Set down each record exactly. Omit the pictures.

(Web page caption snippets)
- Opening Delimiter -
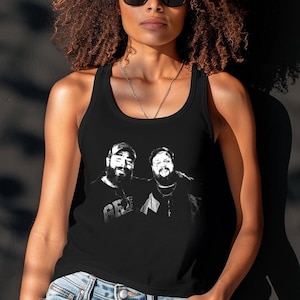 Vintage Post Malone Rap Music Shirt, Big Ass Stadium Tour, Posty 2025 Tour,Jelly Roll Tour,Posty Tour Merch, Kids Post Malone Tour Shirt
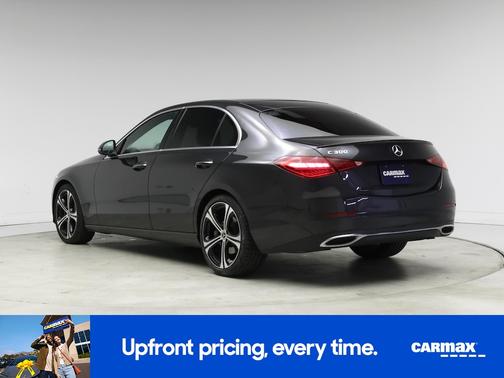 2022 Mercedes-Benz C-Class C 300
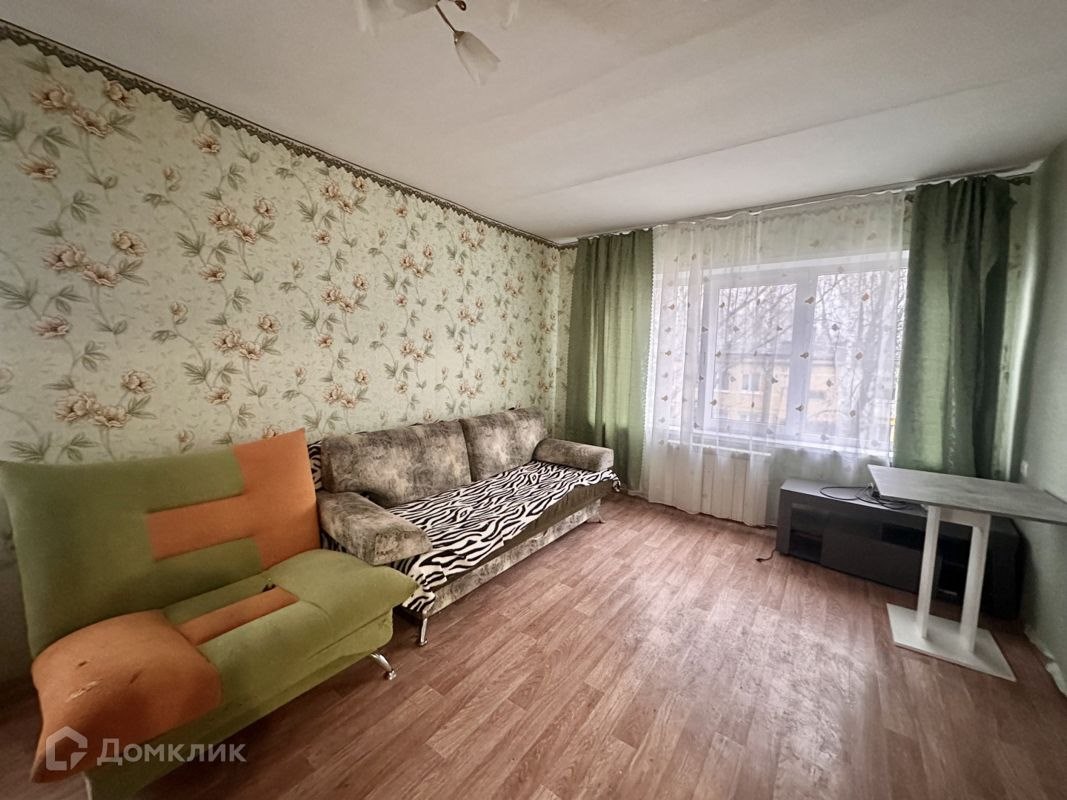 1-комн., 31 м², 2/2 этаж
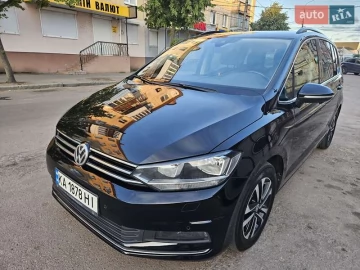Авто Volkswagen Touran 2019 № 7809376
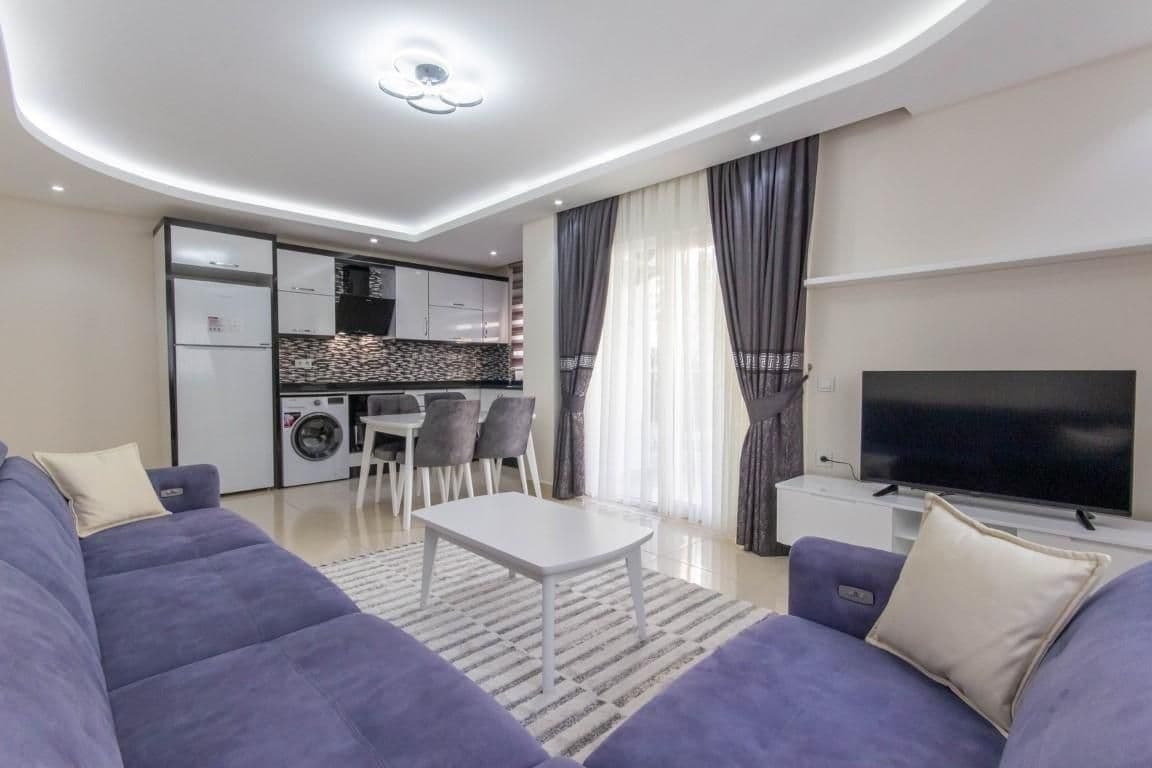Квартира в Алании, Турция, 110 м²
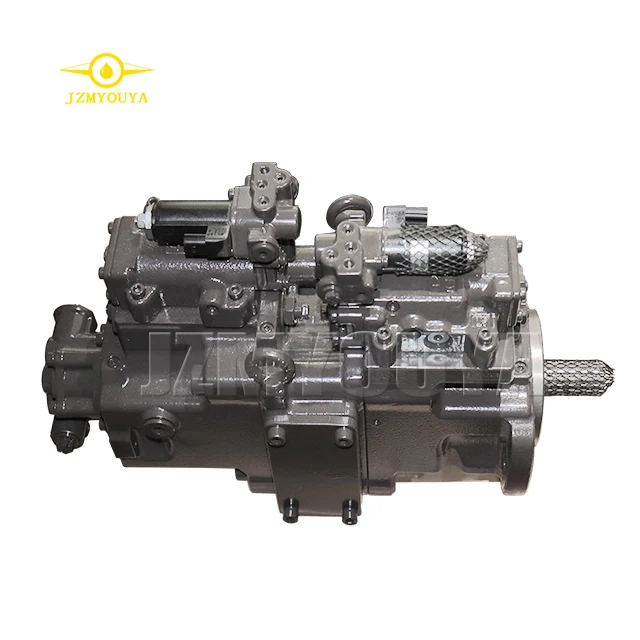 SK130-8 Гидравлический Главный насос Kobelco для экскаватора SK130 K7V63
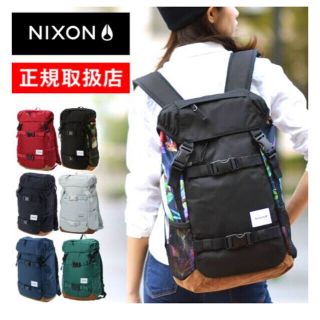 ニクソン(NIXON)のYUU様専用 NIXON リュック 16L(リュック/バックパック)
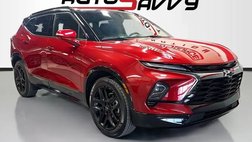 2023 Chevrolet Blazer RS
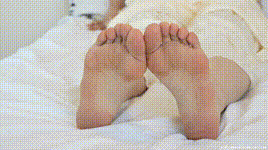 【物恋传媒】第2281期：曲奇-皮鞋、白棉袜、裸足封面图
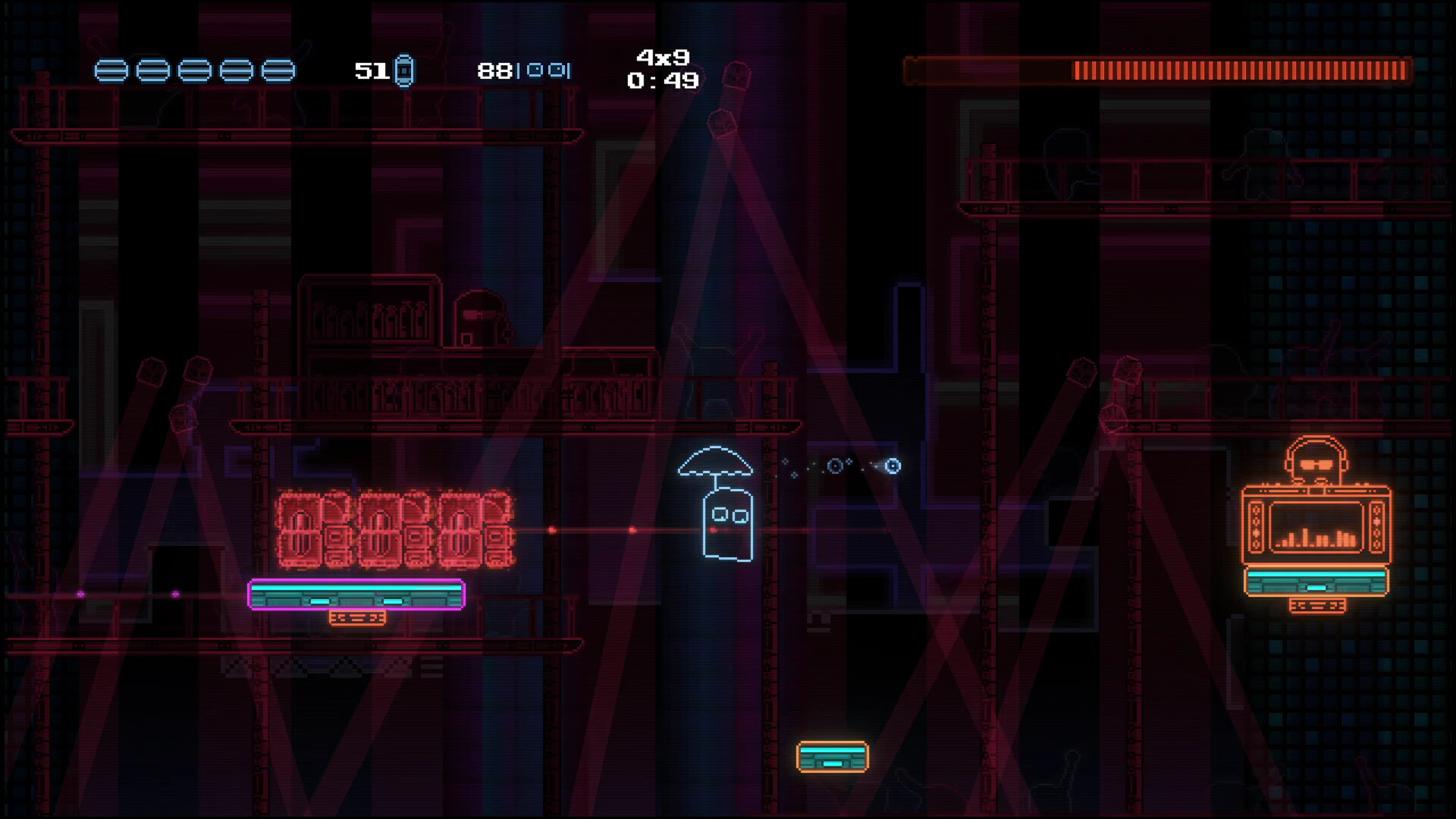 Blue Flow screenshot #6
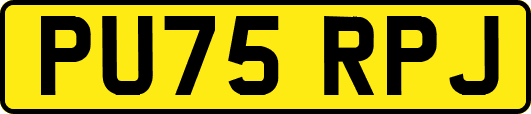 PU75RPJ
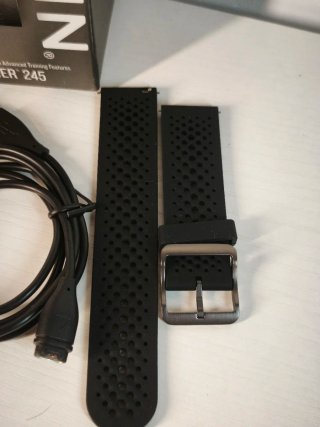 Garmin Forerunner 245 + Accesorios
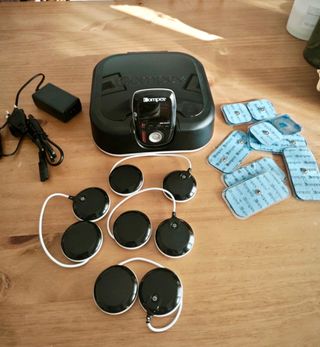 SP 6.0 COMPEX GYM MÚSCULO ABDOMINALES RESISTENCIA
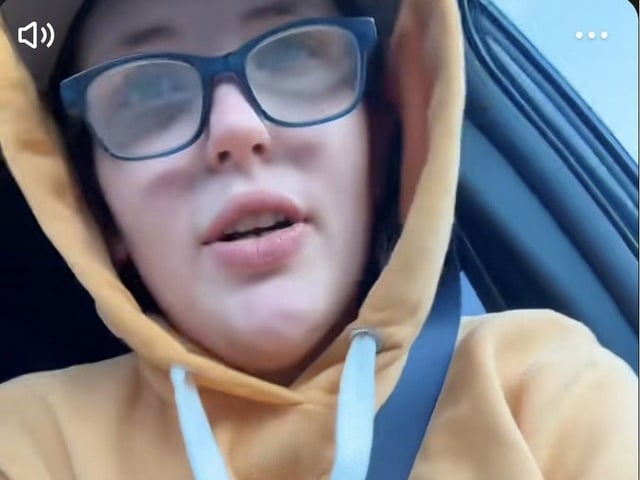Mackenzie Dawn Hardy, 24.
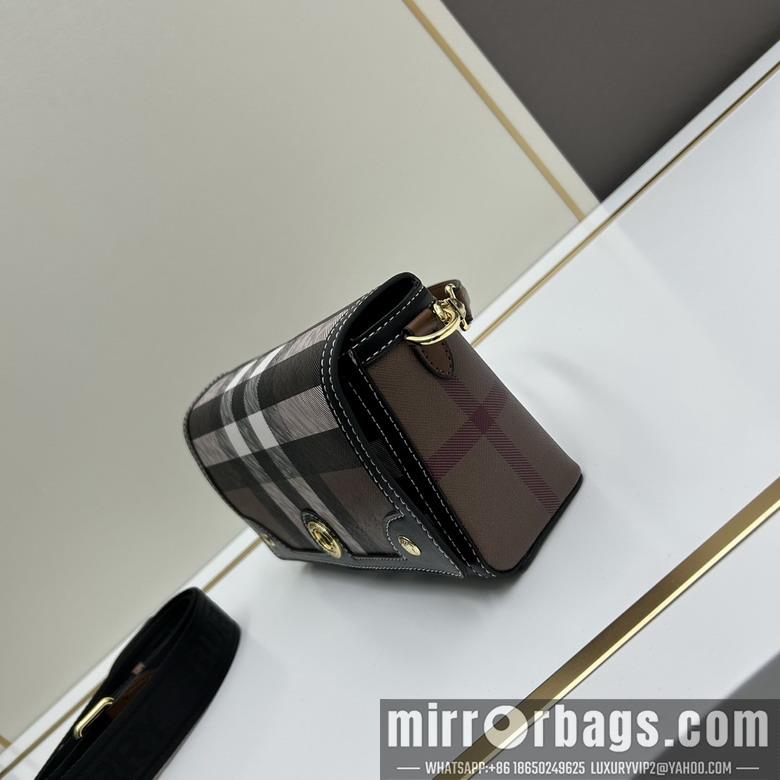 Burberry Replica Bags Burberry 8366 24x8x14cm ww2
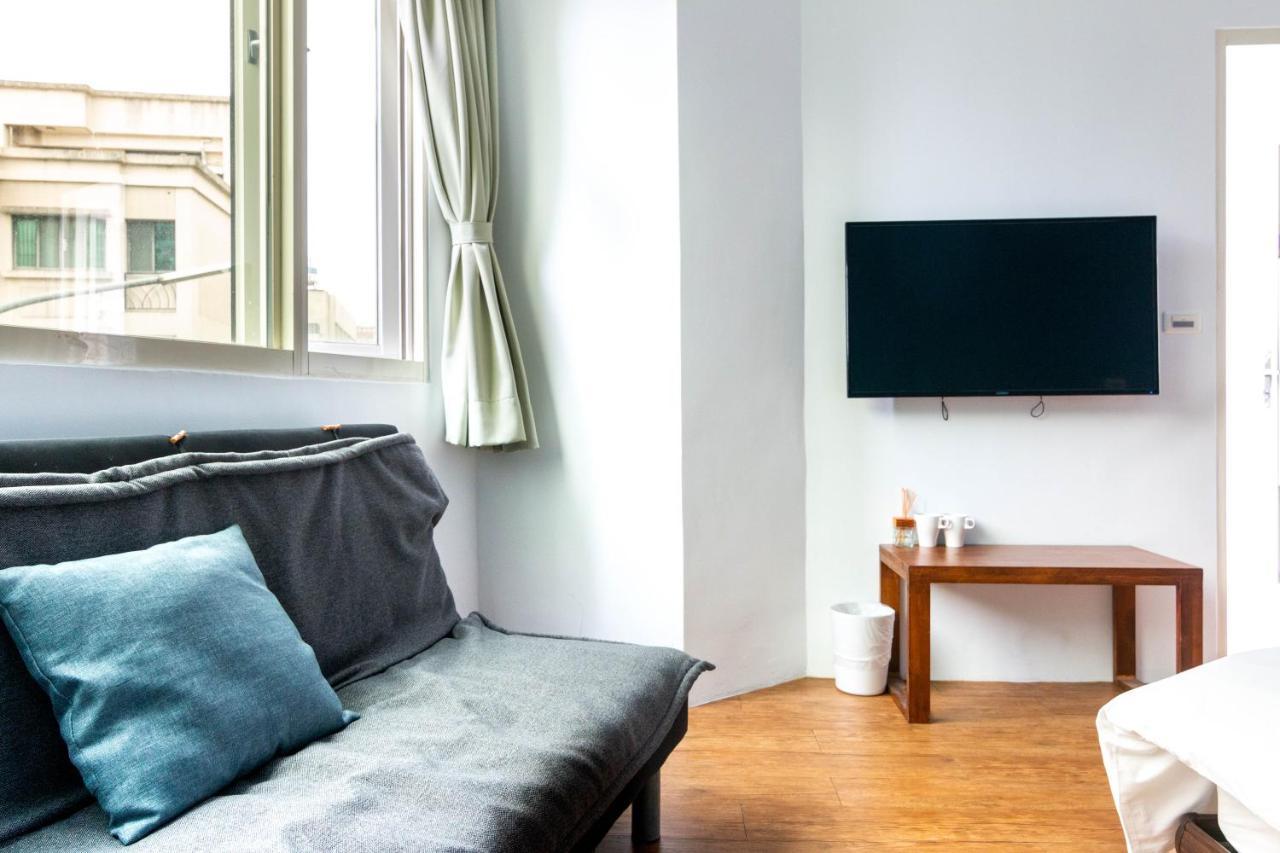 Hotel Deer Path Hualian Zewnętrze zdjęcie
- Closing Delimiter -
*EXERCISE SOLUTION*.
 Vintage Post Malone Rap Music Shirt, Big Ass Stadium Tour, Posty 2025 Tour,Jelly Roll Tour,Posty Tour Merch, Kids Post Malone Tour Shirt
 2022 Mercedes-Benz C-Class C 300
 1-комн., 31 м², 2/2 этаж
Авто Volkswagen Touran 2019 № 7809376
Квартира в Алании, Турция, 110 м²
 SK130-8 Гидравлический Главный насос Kobelco для экскаватора SK130 K7V63
 ニクソン(NIXON)のYUU様専用 NIXON リュック 16L(リュック/バックパック)
 2023 Chevrolet Blazer RS
 【物恋传媒】第2281期：曲奇-皮鞋、白棉袜、裸足封面图
 Blue Flow screenshot #6
 PU75RPJ
 Garmin Forerunner 245 + Accesorios
 SP 6.0 COMPEX GYM MÚSCULO ABDOMINALES RESISTENCIA
Mackenzie Dawn Hardy, 24.
 Burberry Replica Bags Burberry 8366 24x8x14cm ww2
 Hotel Deer Path Hualian Zewnętrze zdjęcie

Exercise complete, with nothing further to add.